Он рассказал о своей жизни. Выпив с наслаждением вина, сообщил, что теперь питается только таранью или похлебкой из конины.

— Вот недавно я варил похлебку и нашел в ней лошадиный глаз! Меня стошнило… Больше ничего купить нельзя, хотя деньги у меня есть: во время догадался вынуть всё из банка и припрятать. Вы, конечно, тоже всё вынули?

Узнав, что они не успели это сделать, он изумился.

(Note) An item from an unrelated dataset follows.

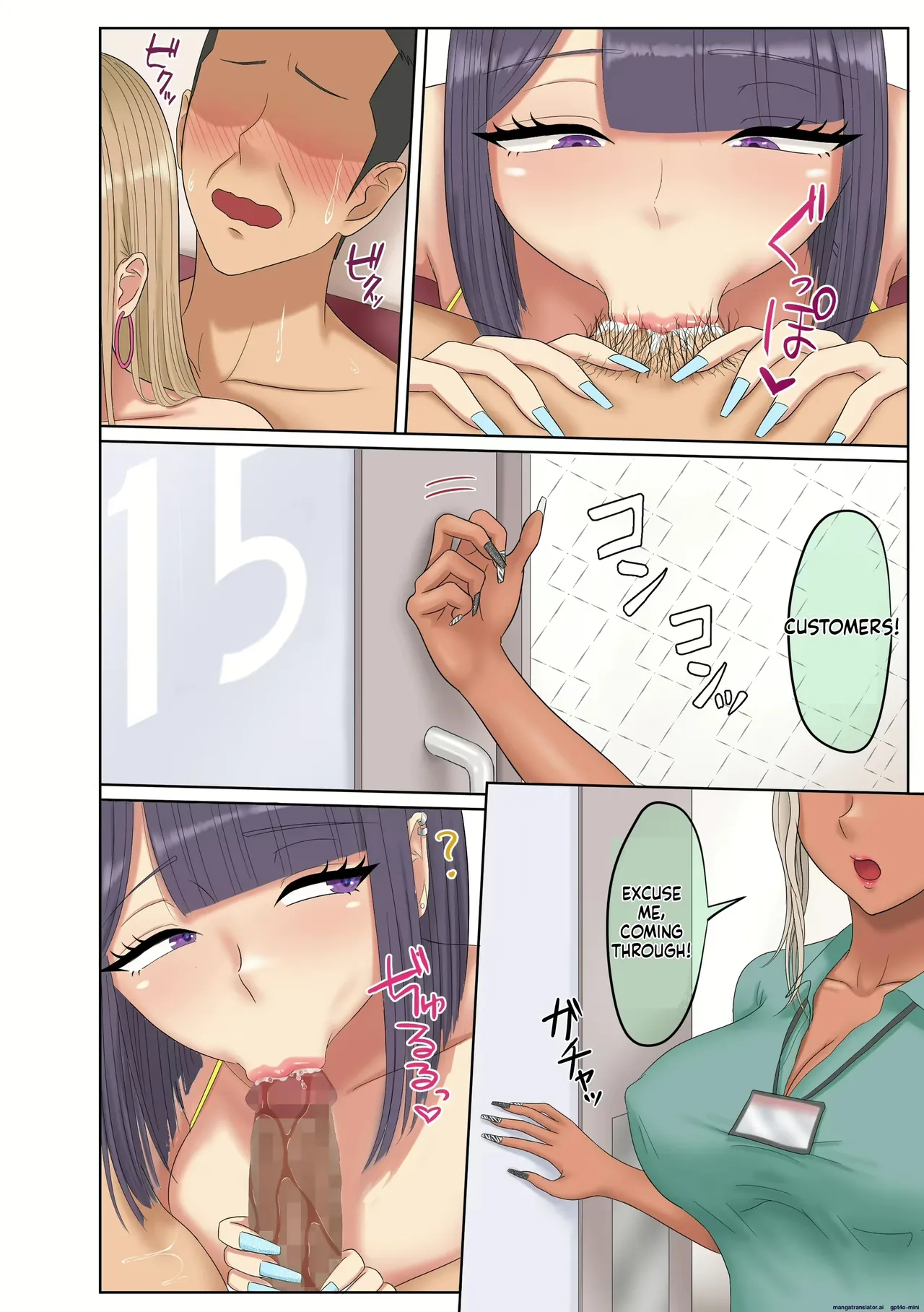 Gal Katsu - A Story About Being Extorted by Gals and Ending Up in a Harem page 84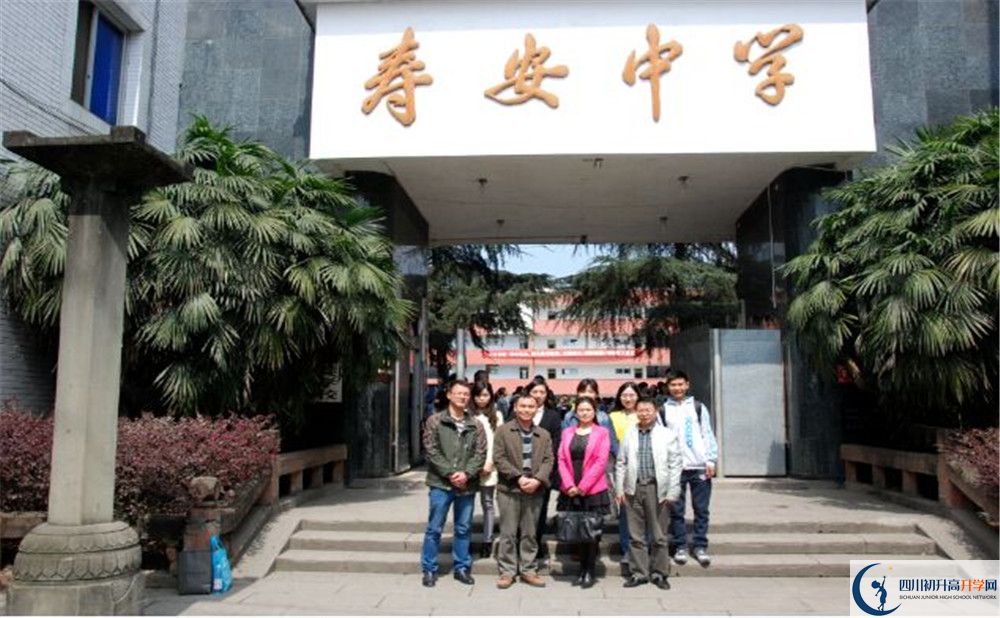 壽安中學的宿舍怎么樣？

— Вот тебе раз! Я догадался, а ты, Митя, знаменитый деловой человек, нет!.. Вот что, возьмите, друзья мои, у меня. Мне не нужно по вышеуказанной причине!.. Почему же нет? Вы столько раз мне прежде помогали. Умоляю вас, возьмите хоть половину моих.

Ласточкины были тронуты, но решительно отказались.

— Ты ведь знаешь, что я получил штатную доцентуру с жалованьем, — сказал Дмитрий Анатольевич.

— Доцентуру? Нет, откуда же мне знать?

— Помнится, я тебе писал.

— Ничего не писал или письмо не дошло.

Ласточкин рассказал. В другое время Рейхель обратил бы внимание на то, что он сам, с учеными степенями, еле нашел кафедру после долгих поисков, тогда как его двоюродный брат, без научных работ, получил ее легко и быстро. Теперь он искренно выразил радость. Еще больше удивило Ласточкиных то, что он спросил о Люде и как будто без всякой злобы.

— Мы ровно ничего о ней не знаем и очень беспокоимся. Представь, она уехала еще в прошлом году на Кавказ и там застряла! С тех пор, как Кавказ отделился, мы от нее ни одной строчки не получили! И ты понимаешь, в какой мы были тревоге, особенно в пору этих ужасов в Пятигорске.

— Каких ужасов в Пятигорске?

— Разве ты не помнишь? Там было зарезано семьдесят человек, преимущественно сановники и генералы. Герои войны, Рузский, Радко-Дмитриев. А это в двух шагах от Минеральных Вод, от Ессентуков.